In 1982, Venable began intensive research into the growth of desert annuals in relation to climate by setting up permanent study plots at Tumamoc Hill.
His research team has been continually monitoring the germination, survival and seed production of the winter annuals ever since. The weather station on Tumamoc Hill provides records of local temperatures and precipitation.
Venable now has 72 plots and a team of people to study each plant's life. Team members start collecting the data 10 days after the first winter rain and after every subsequent rain. Even when there are no subsequent rain events, the team still collects the data monthly.
For each plot, a clear sheet of stiff plastic serves as the year's record of the plants' location and life history.
On each visit, a researcher places the plastic sheet on a frame 3 inches above the plot and uses a permanent marker to record the location of each germinating plant on the plastic sheet. As the season progresses, each plant's survival and seed production is marked on the same sheet.
To make sure even the littlest plant is not overlooked, the researchers must hunch over the plot and its plastic sheet.
"We use knee pads, for sure," Kimball said.
In 2007, Kimball reviewed the data and realized that the temperature at which germination occurred had declined steadily since 1982. However, some species had not done as badly as others and she wondered why.
So she turned to Venable's long-term data set to see which aspect of the plants' growth was responsible for the change.
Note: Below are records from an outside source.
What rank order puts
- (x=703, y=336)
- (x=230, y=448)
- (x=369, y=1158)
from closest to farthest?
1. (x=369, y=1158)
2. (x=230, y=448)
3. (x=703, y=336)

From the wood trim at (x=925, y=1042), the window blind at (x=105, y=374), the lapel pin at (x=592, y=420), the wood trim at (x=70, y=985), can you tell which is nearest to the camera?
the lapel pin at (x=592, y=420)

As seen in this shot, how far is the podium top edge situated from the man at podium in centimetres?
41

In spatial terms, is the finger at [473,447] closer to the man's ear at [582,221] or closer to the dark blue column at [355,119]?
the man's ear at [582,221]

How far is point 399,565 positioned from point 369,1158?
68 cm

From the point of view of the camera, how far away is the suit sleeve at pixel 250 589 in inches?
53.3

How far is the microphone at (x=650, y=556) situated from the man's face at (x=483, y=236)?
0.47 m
She wanted to know whether some species were germinating better or grew better or just made more seeds.
In a previous study, Venable and his colleagues had examined the physiology of the nine species and found that some grow better under cold conditions and are more efficient at using water. Those species are now becoming more common as the changing climate shifts the onset of the winter rains.
"The physiological component was the 'Ah Ha!' thing," Venable said. "The more water-use-efficient species are more adapted for growing under cold conditions."
Some cold-adapted winter annuals that are becoming more common are popcorn flower, or Pectocarya recurvata, and Erodium cicutarium, known more commonly as red filaree or storksbill.
In contrast, species that germinate better when it is warm, such as wooly sunflower, known to scientists as Eriophyllum lanosum, and a species of plantain, Plantago insularis, are becoming less common.
"Even though overall the winter growing season is getting warmer, what's important in this system is that the growing season is initiated at a later date under colder temperatures," Kimball said. "This demonstrates that the response of organisms to climate change can be unexpected."